構わないよ、と付け足すとかくれんぼが始まった。
10数え終えると村中を探してまわる。
「ルコット見つけた」
ルコットは自分の家の裏手に隠れていたらしい。
「お姉ちゃんもうちょっと手加減してよー!」
「手加減したら文句言うのは誰?」
「うっ…」
そう言われるとしょぼんとするルコット。
「ごめんね、ちょっと言い過ぎたね」
そう言ってルコットの頭を撫でるアイリット。
この頃の村は栄えていたらしく、多種多様な種族が住んでいた。
アイリットもその1人に過ぎなかった。
カミサマの『悪戯』が来るまでは。

ある日、アイリットが散歩をしているとカミサマに遭遇した。
アイリットは傅き、カミサマの話を聞いていた。
「ところで君を僕の巫女にしようと思ってるんだけど構わないよね」
そう言うとカミサマは自身の魔力をアイリットに大量に与える。
「アッ…ガッ…!」
抑えられない魔力の量に苦しむアイリット。
そんな様子を見てニヤリと笑うカミサマ。
アイリットからはどんどん表情が消え、虫の息になっていた。
「次に君が目を覚ます頃には僕の魔力が馴染んでいるはずだよ。

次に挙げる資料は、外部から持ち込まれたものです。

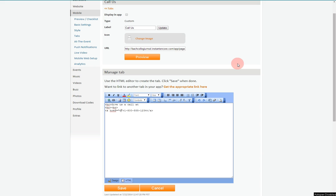When working in HTML mode, all you need to do is type TEL colon and then the phone number where the URL would go.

」
そう言って姿を消すカミサマ。
「アッ…ハァッ…ハッ…」
自身の魔力とカミサマから与えられた魔力が混ざり合い、その生を終えた。

数百年後、アイリットは今の姿となり蘇っていた。
カミサマに一矢報いる為にただひたすら魔法の練習を繰り返す。
そうして数十年が経ったあと、カミサマが再び姿を現した。
「やあ、アイリット。調子はどうだい?」
「…おかげさまで…お返し…してあげる…!」
アイリットはとある魔法を習得していた。
「術式展開…!乖離…!」
「っ…!?」
カミサマの赤い左目から熱が出てくる。
「一体…何をしたんだい…!」
「あなたの…神格を…半分にする…!」
徐々にカミサマの瞳の色が灰色に変わっていく。
「残った魔力は…こっちに…!術式展開…!解放…!」
黒髪短髪の少女に移す。
この少女はアイリットが創り出した器だった。
器の片目が黄色く変わっていく。
「この…っ…うっ…」
えずきながらアイリットを睨むカミサマ。
この瞬間、カミサマは唯一神では無くなり、ただの創造神になってしまった。
一方黒髪短髪の少女は破壊神となり、カミサマのことを嫌悪する様になった。
「ハァッ…これでよし…!」
「よくもやってくれたね…!」
カミサマがアイリットを睨みつけると、虫の息のアイリットの姿があった。
自身も相当の魔力を使ったらしく、息も絶え絶えだ。
「この仕返しはいつか必ずするからね…!」
片目が無くなり、灰色の目に変わったカミサマはそつ言い残して姿を消した。

創造神と破壊神。
二柱がひとつになった時、必ず止めようと決めるアイリットなのであった。

そんな魔女の昔話は終わり。
続きは刹那達が紡いでいく未来だ。